Sous prétexte de durcir les dispositifs répressifs face à l’insécurité, en vertu d’une politique du chiffre délirante, et du fait d’une austérité qui assèche les moyens de l’État, le pouvoir en place et ses prédécesseurs ont rendu de plus en plus difficile le métier de policier·e. Les forces de police sont confrontées à de nouveaux défis – comme la montée des incivilités ou délits, les atteintes à l’intégrité des personnes comme des agents publics, l’amplification du trafic de drogue, les violences faites aux femmes ou aux enfants, le dévelop- pement des discriminations et du racisme, le terrorisme – qu’ils doivent relever dans le cadre de la conception républicaine qu’ils ont pour mission de défendre.

Cela passe par :

  • La création d’une police de proximité dotée de 30 000 fonctionnaires et l’ouverture d’un débat national sur le rôle et les missions de la police.
  • La refonte de la formation des agents et l’augmentation de la durée de celle-ci, des moyens pour remplacer les véhicules des agents, les matériels de protection et d’intervention, la rénovation des locaux.
  • Mettre en place un suivi psychologique obligatoire des agents des et organiser des cycles de travail permettant de concilier vie familiale et vie professionnelle.
  • Un nouveau schéma de maintien de l’ordre visant la désescalade.
  • L’abrogation de la loi de 2017 qui élargit la possibilité aux agents de police d’utiliser leur arme et une nouvelle doctrine d’engagement.
  • Les violences et les abus à caractère raciste dans la police ne seront plus tolérés : leurs auteur·e·s seront déféré·e·s devant la justice et pourront faire l’objet de procédures de révocation.
  • Établir un récépissé pour les contrôles d’identité indiquant le fondement légal du contrôle.
  • La création d’une instance indépendante de contrôle de l’activité policière.

 

  1. Élaborer un grand plan de sauvetage de notre justice

La communauté judiciaire est à bout de souffle.
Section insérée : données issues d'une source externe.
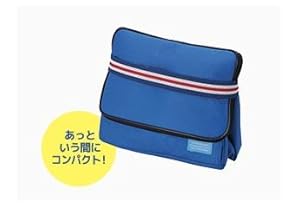 Amazon サーモス ソフトクーラー 5l ブラック Ref 005 Bk ランチバッグ ランチ巾着 ランチベルト オンライン通販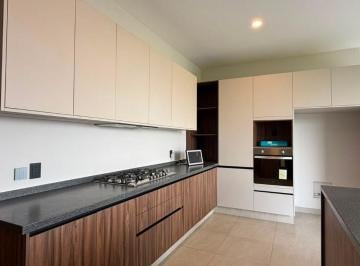Casa de 3 habitaciones, Querétaro · Casa en Renta en Altozano Querétaro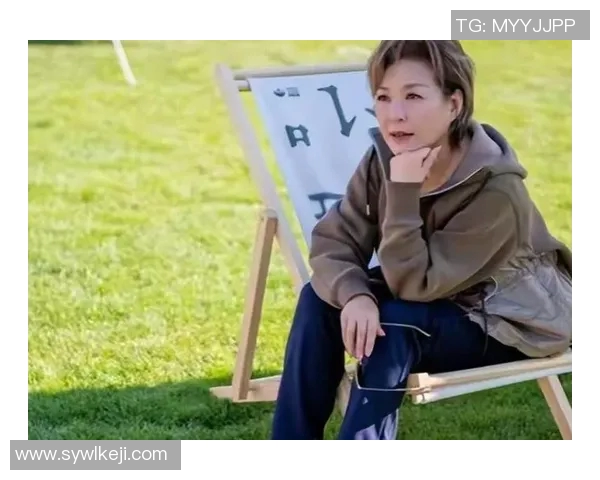 李静谈滑板人生：从初学者到职业选手的心路历程与成长故事MBA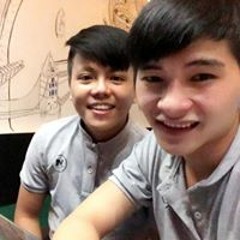 Ốc Tiêu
Depuis des années, magistrat·e·s, avocat·e·s, greffier·e·s, personnels administratifs alertent et demandent que soient engagées une grande modernisation et une grande démocratisation de la justice, dans le but de la rendre accessible à toutes et tous. Rétablir la confiance, qui s’est délitée, entre la justice – tant en matière pénale que civile – et les justiciables, et répondre aux multiples revendications de la communauté judiciaire appelle une profonde réforme qui doit notamment rompre avec des logiques purement budgétaires et dégager en urgence des moyens humains et matériels.

Cette réforme inclura :

  • La justice et l’accompagnement des mineur·e·s seront dotés de 25 000 magistrat·e·s, éducatrices et éducateurs.
  • La création d’un véritable code de l’enfance, regroupant tous les textes au civil comme au pénal, et non un code réduit à la justice pénale des mineurs ; le recrutement de juges spécialisés et l’augmentation du nombre d’éducateurs et des moyens de la PJJ.
  • La simplification des procédures pénales et civiles.
  • Le remplacement du Conseil supérieur de la magistrature par un Conseil supérieur de la justice, garant de l’indépendance des magistrats et magistrates.
  • La mise en place de tribunaux spécifiques pour les violences faites aux femmes.
  • L’institution carcérale fera l’objet d’un effort particulier, afin d’en renforcer les moyens et de la rendre plus humaine. La prison républicaine doit être le lieu non seulement de la mise hors d’état de nuire des délinquants et des criminels, mais aussi celui de la réinsertion.
  • Toutes ces mesures supposeront qu’un véritable dialogue voit le jour avec tous les professionnels du droit, dans le cadre de véritables états généraux co-organisés et respectueux de la séparation des pouvoirs, laquelle est la garante d’une justice dé- mocratique préservant les droits et libertés des citoyennes et des citoyens.

 

2

Un plan pour l’égalité républicaine

dans toutes nos communes

 

  1. Investir 10 milliards pour nos communes dont 1 milliard d’euros pour le plan d’urgence proposé par les maires dès 2020

  • Un fonds d’urgence pour les associations œuvrant pour la jeunesse et les publics en difficulté. Co-piloté par les villes, il sera doté d’une enveloppe annuelle de 100 millions d’euros. Suppression de la taxe d’habitation pour les locaux des associations.
  • Un fonds de 200 millions d’euros pour la création de comités locaux de solidarité dans les villes les plus pauvres. Consacrés à l’aide d’urgence (détresse sociale, grande pauvreté, aide alimentaire...), ces moyens permettront de renforcer les marges de manœuvre des acteurs de terrain.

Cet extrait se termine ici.